BNA Daily Labor Report, November 29, 2010, Monday

BNA Daily Labor Report

November 29, 2010, Monday

BNA Daily Labor Report

Election Had Little Impact on DOL Agenda
Official Says During Webcast Discussion

The recent midterm election results will not have a major impact on the Labor Department's agenda in the near term, despite the changing makeup of Congress, Deputy Labor Secretary Seth Harris said Nov. 29.

Speaking with Dean Harry Katz of Cornell University's Industrial and Labor Relations School as part of a Cornell-sponsored series of policy webcasts, Harris said the election results were “not a ratification of the view that we have to drastically slash government spending,” and that DOL programs to foster job creation and help workers will continue.

“No one lost jobs because of radical government spending,” Harris said. He added that DOL is “not really a job-creating agency,” but it can help ensure that unemployed workers transition smoothly into new jobs through apprenticeship and on-the-job training programs, for example.

“Our agenda hasn't changed” because of the new makeup of Congress, Harris said. But, “the question we will now face is how we're going to negotiate with the House and Senate over their role in us implementing our agenda.”

‘Dialogue With Appropriators.'

Describing that process as a “give and take” with lawmakers, Harris said the department would “be in a dialogue with our appropriators” about which DOL programs work best and are most successful in achieving their goals.

“It will be incumbent on us to communicate effectively how we're making workers' lives better,” Harris said.

The department's goal of “making workers' lives better,” Harris said, was reflected in its recent release of a five-year strategic plan (193 DLR A-11, 10/6/10).

“The government spends a lot of time talking about itself and not enough about the people it serves,” Harris said.

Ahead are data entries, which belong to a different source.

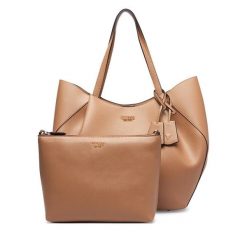 Torebka Guess. Brązowe torebki klasyczne damskie Guess, bez dodatków. Za 642.99 zł.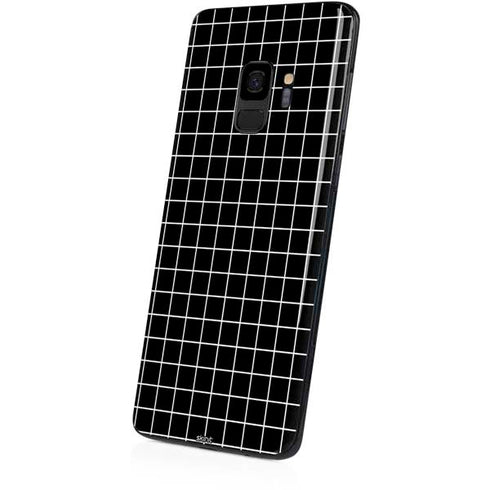 Black Grid Galaxy S9 Skin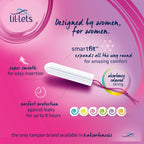 Lil-Lets Non-Applicator Tampons Super Absorbency Pack of 8 Extra Comfort by Lil-Lets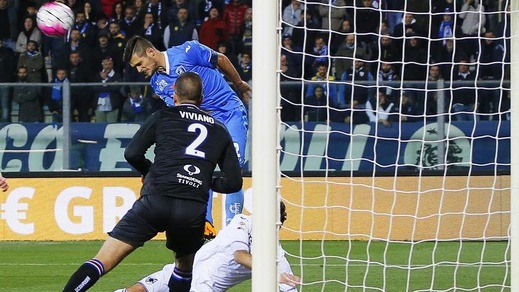 Serie A, Empoli-Sampdoria 1-1: Laurini risponde a Quagliarella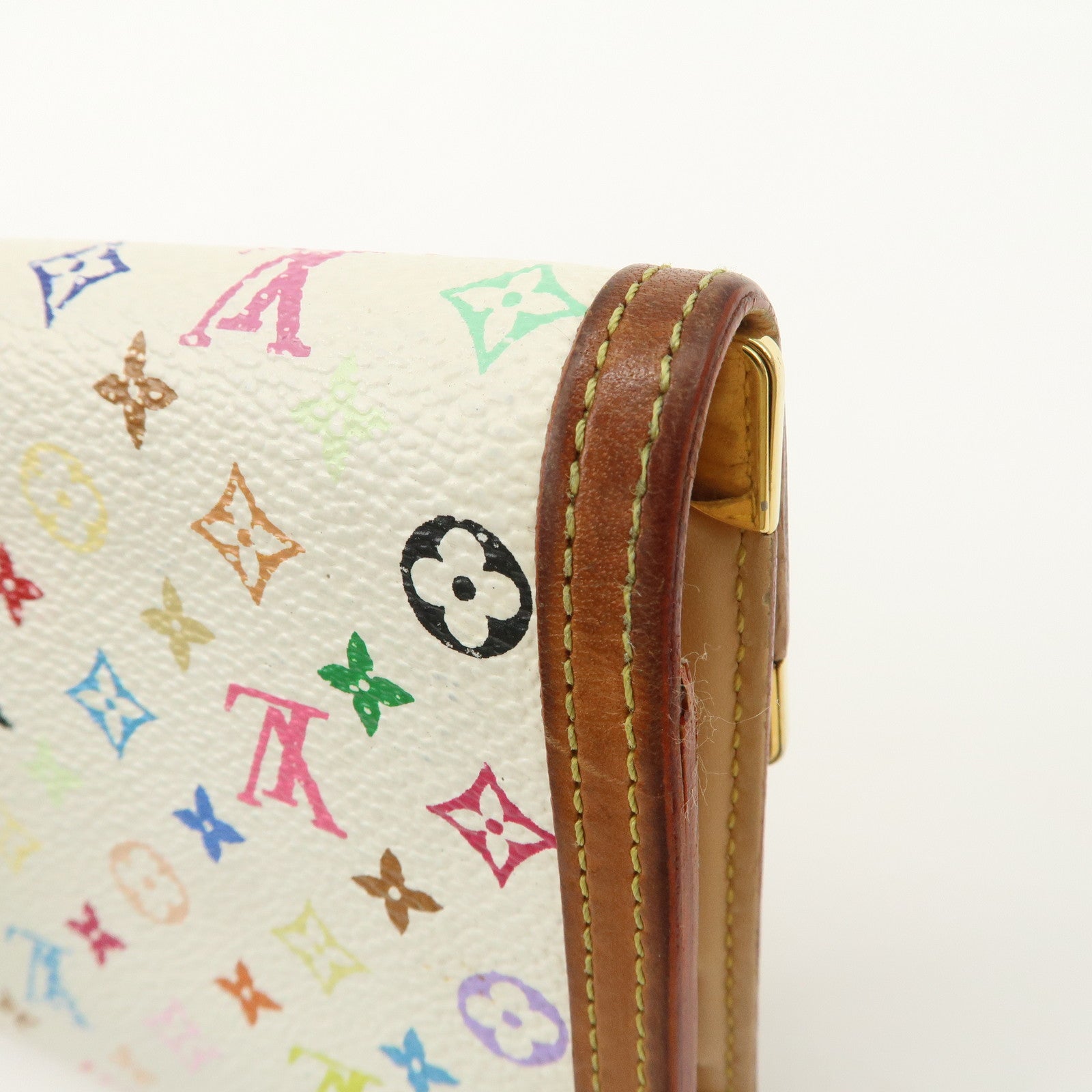 Louis Vuitton Monogram Multicolor Porte Trezor International Long Wallet Ｍ92659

The DOL strategic plan, he said, was designed to redirect the department's focus on workers' needs, especially through its emphasis on measuring outcomes of DOL's worker protection agencies.

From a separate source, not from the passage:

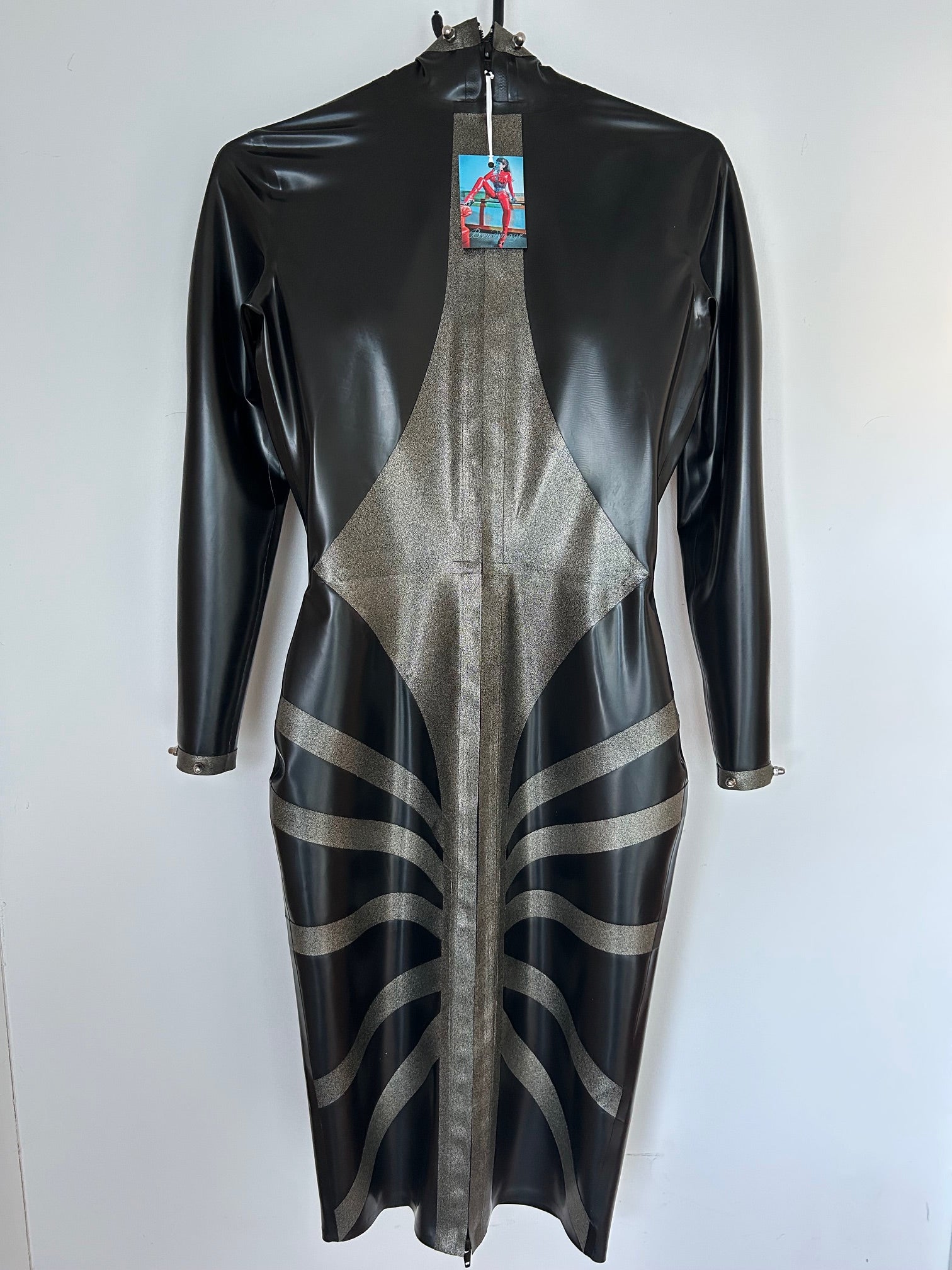 Black metallic Cassiopeia dress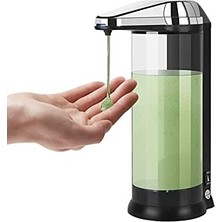 Elivora Store Smartgift Sensörlü Sıvı Sabunluk 500ML Dezenfektanlık Fotoselli Otomatik Sıvı Sabunluk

Asked for a response to criticism that the department is unfriendly to businesses because it seeks to impose burdensome regulations on them, Harris said he was “perplexed” by such assertions because many of the laws enforced by DOL have been in effect for decades. For example, the Fair Labor Standards Act has been on the books for upward of 75 years, Harris said.

“We're not creating a huge mountain of new regulations for employers” to follow, Harris said. “The goal is to achieve compliance” with existing laws, and “there are many strategies” to do so, he said.

‘Not Interested in a Gotcha Game.'

For example, Harris said, DOL's Occupational Safety and Health Administration funds a program targeting small business compliance with the OSH Act. In addition, all of DOL's agencies provide “a mountain of compliance material” on their websites.

“We're not interested in a gotcha game,” Harris said. “We want to ensure compliance with the law,” he said, adding that human resources professionals could play a large role in that effort, especially when it comes to employers reconciling compliance with labor laws with “profit-making strategies.”

Other areas touched on by Harris during the hour-long discussion included the department's programs targeted at veterans. The department was seeking to partner with the Department of Veterans Affairs and other agencies to “help veterans transition to civilian employment,” Harris said, and emphasized that most one-stop career centers, funded through the Workforce Investment Act program, provide priority services for veterans.

Harris said that President Obama likely would be announcing additional programs to promote veterans' employment “in the next few months.”

Harris also emphasized DOL's efforts to help workers with disabilities obtain services through the workforce investment system, as well as the need to meet older workers' job training needs as they transition into new roles as a result of the economic downturn.